▶ [Task material]:
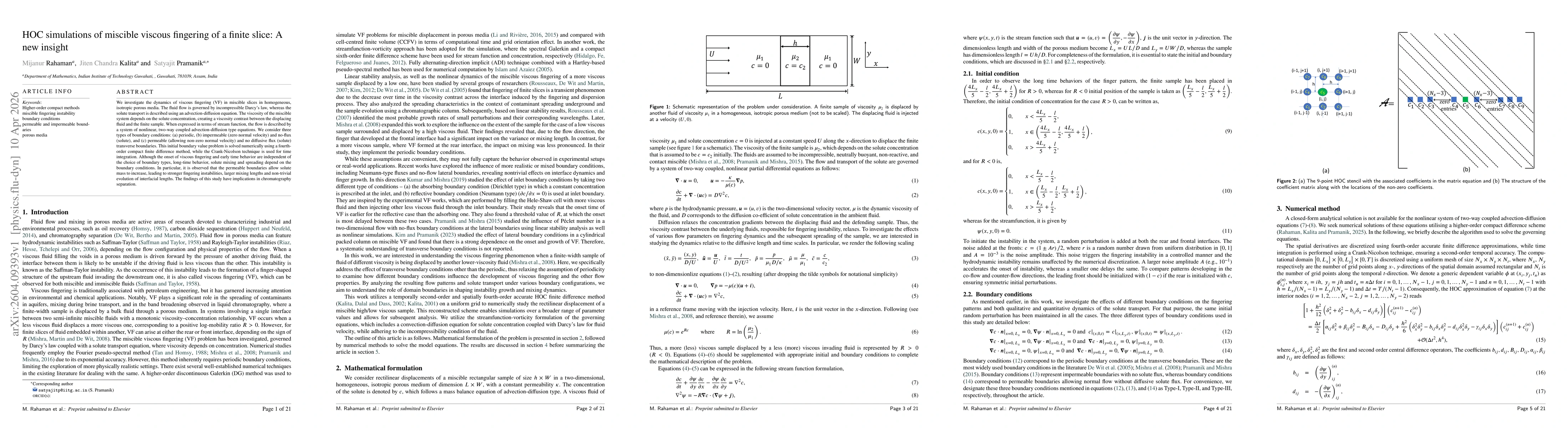 Thumbnail for HOC simulations of miscible viscous fingering of a finite slice: A new insight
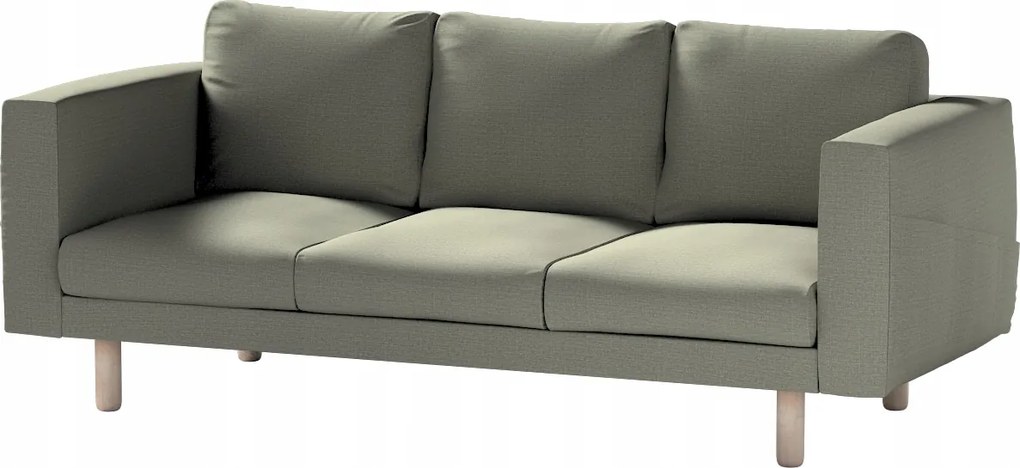 Dekoria Norsborg 3 személyes kanapé huzat Ikea szürke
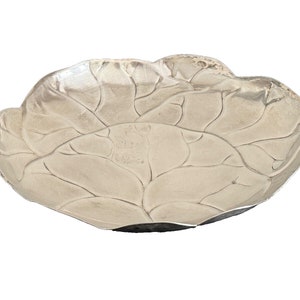 Tiffany & Co Makers 9.5" Sterling Silver Cabbage Lettuce Leaf Tray 501 Grams *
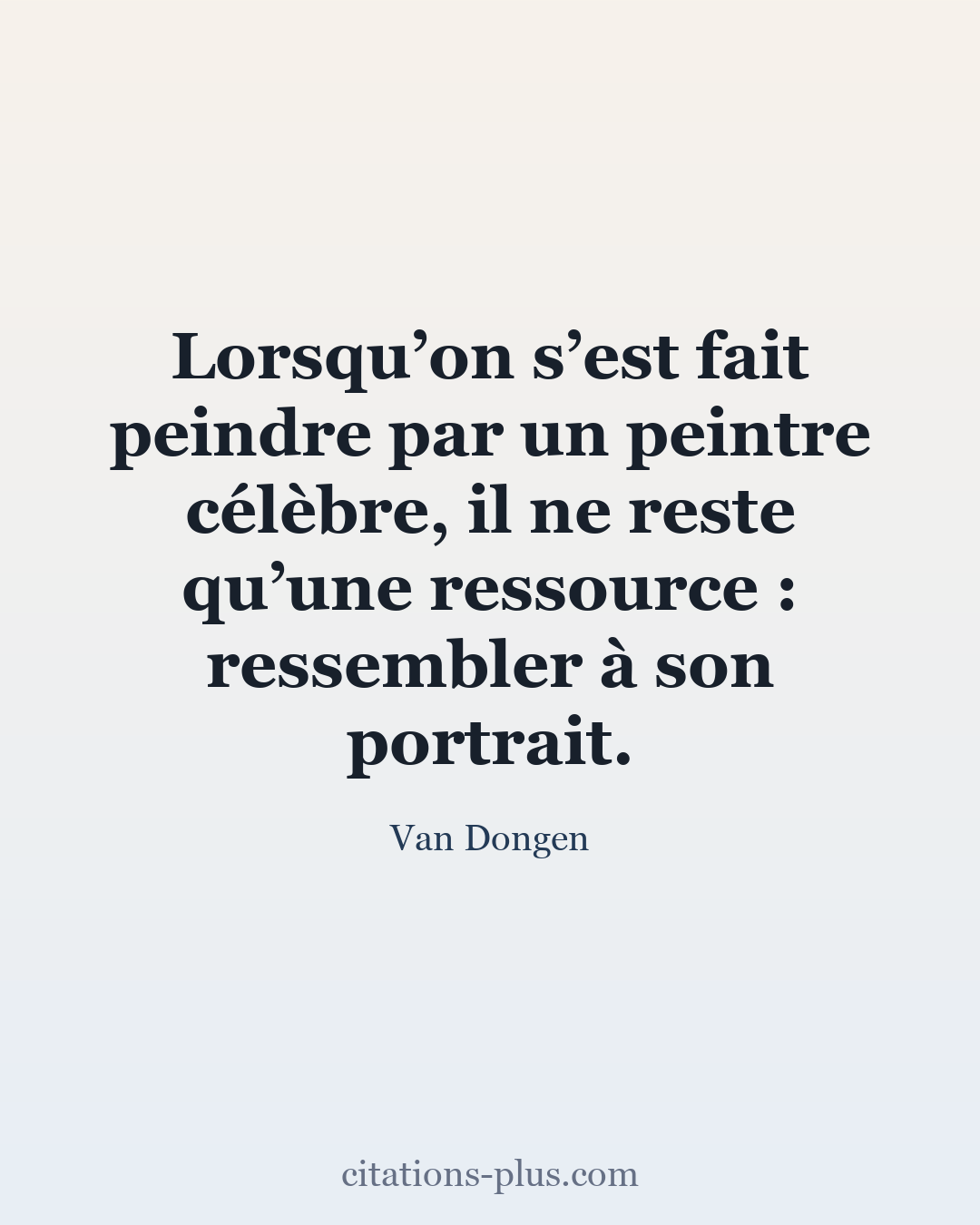 Carte Premium clair — Van Dongen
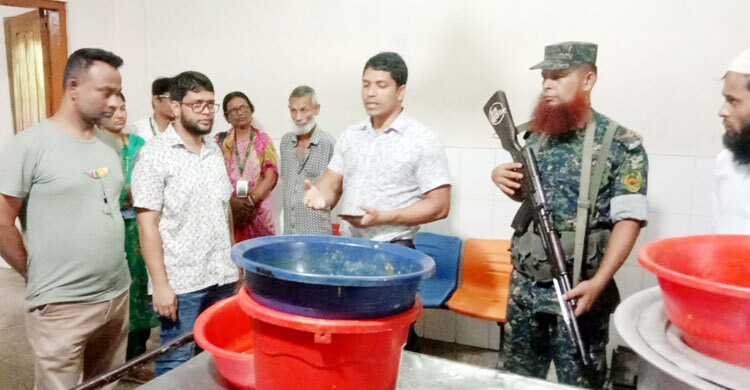 চাঁদপুর হাসপাতালের ক্যান্টিন মালিককে জরিমানা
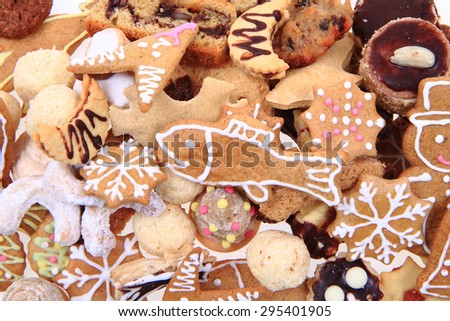 czech christmas cookies as very nice holiday food background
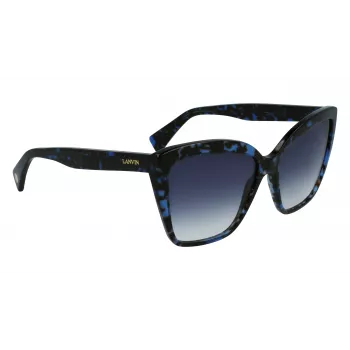 LANVIN Donna LNV617S-425 Occhiali da sole Butterfly Blu Sfumato 59mm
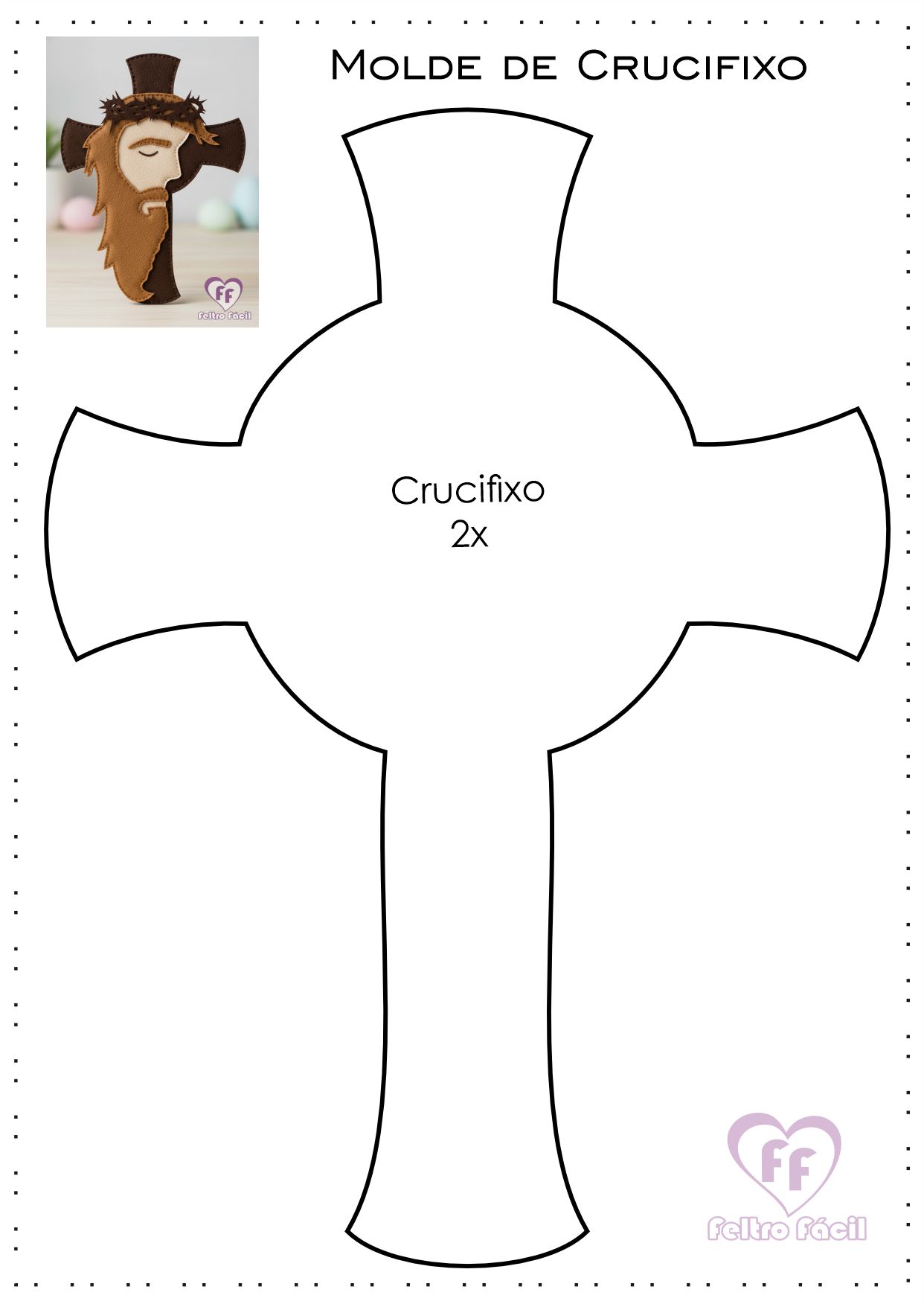 Crucifixo de feltro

▶ [Work order]: Your copy should run from the line that has "Carte Premium clair — Van Dongen" through the last line above, exactly, with both ends in and pictures out.

▶ [Response area]:
 Carte Premium clair — Van Dongen
 চাঁদপুর হাসপাতালের ক্যান্টিন মালিককে জরিমানা
 czech christmas cookies as very nice holiday food background
 LANVIN Donna LNV617S-425 Occhiali da sole Butterfly Blu Sfumato 59mm
 Crucifixo de feltro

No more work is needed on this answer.